Milon de plus en plus naïf s’écria :
– Mais la vie du maître est donc en danger ?
– Si je meurs, il mourra…
– Oh !
– Écoute, reprit-elle : je me doutais de la trahison. Je suis venue ici pour la constater. Un homme qui m’aime est auprès de Rocambole. Si cet homme ne m’a pas revue dans une heure, il le poignardera.
Milon eut peur.
– Qui sait si vous ne mentez pas ? dit-il.
– Veux-tu la preuve que je te dis la vérité ?
– Oui.
– Cherche une corde, bâillonne-moi et garrotte-moi. Puis sors, va chercher un fiacre. Tu y monteras avec moi, je te conduirai là où Rocambole est en péril.

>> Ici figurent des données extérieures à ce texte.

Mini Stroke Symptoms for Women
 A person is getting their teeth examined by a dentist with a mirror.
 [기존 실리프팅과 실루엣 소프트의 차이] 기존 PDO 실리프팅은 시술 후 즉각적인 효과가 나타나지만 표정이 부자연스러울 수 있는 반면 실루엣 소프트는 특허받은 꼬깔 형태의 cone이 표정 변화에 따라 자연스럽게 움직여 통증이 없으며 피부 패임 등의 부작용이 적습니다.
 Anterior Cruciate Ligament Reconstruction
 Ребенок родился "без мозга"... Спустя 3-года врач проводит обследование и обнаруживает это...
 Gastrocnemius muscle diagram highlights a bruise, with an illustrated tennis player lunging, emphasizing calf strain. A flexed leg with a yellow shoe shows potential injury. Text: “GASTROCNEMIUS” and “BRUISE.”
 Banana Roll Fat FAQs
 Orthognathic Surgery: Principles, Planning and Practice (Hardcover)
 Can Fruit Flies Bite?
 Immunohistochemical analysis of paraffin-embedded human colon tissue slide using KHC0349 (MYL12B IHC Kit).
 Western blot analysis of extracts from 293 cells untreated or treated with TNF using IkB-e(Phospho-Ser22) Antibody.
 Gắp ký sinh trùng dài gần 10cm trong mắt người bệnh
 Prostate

Milon donna dans le piège.
– Je n’ai pas besoin de vous attacher, dit-il. Venez avec moi. J’ai été au bagne, je ne crains pas d’y retourner. Vous marcherez devant moi. Si vous faites mine de vous échapper, je vous plante le poignard entre les deux épaules.
– Soit, dit Vasilika.
Elle entra dans cette salle du rez-de-chaussée où était la fameuse trappe, se regarda dans une glace, et en un tour de main rajusta sa coiffure et fit disparaître le désordre de sa toilette, occasionné par la lutte qu’elle venait de soutenir. Puis, regardant Milon :
– Tu as l’air d’un boucher, dit-elle.
Et du doigt elle lui montra un grand manteau qui avait appartenu à Beruto et que celui-ci avait laissé sur un meuble. Milon le prit et s’en enveloppa pour cacher le sang qui le couvrait. Puis il se dirigea d’un pas chancelant vers la porte de la cour. Vasilika le suivait. En route, Milon se dit :
– Je pourrais bien être blessé à mort. Il me semble que tout mon sang s’en va. Mais je suis fort, et j’aurai bien le temps d’arriver.
Il ouvrit la porte et dit à Vasilika :
– Donnez-moi le bras. Je ne veux pas que vous m’échappiez. Vasilika obéit et sentit qu’il chancelait en marchant. Alors elle pressa le pas. Comme ils franchissaient le seuil du vieil hôtel, un fiacre – chose rare ! – passait à vide dans la rue Cassette. Milon fit un signe au cocher qui s’arrêta. Tous deux y montèrent.
– Aux Champs-Élysées ! dit Vasilika.
Le fiacre partit. Milon éprouva un étourdissement et sentit que son sang coulait à flots. Vasilika le regardait pâlir. Mais Milon, de sa main crispée, serrait toujours le poignard.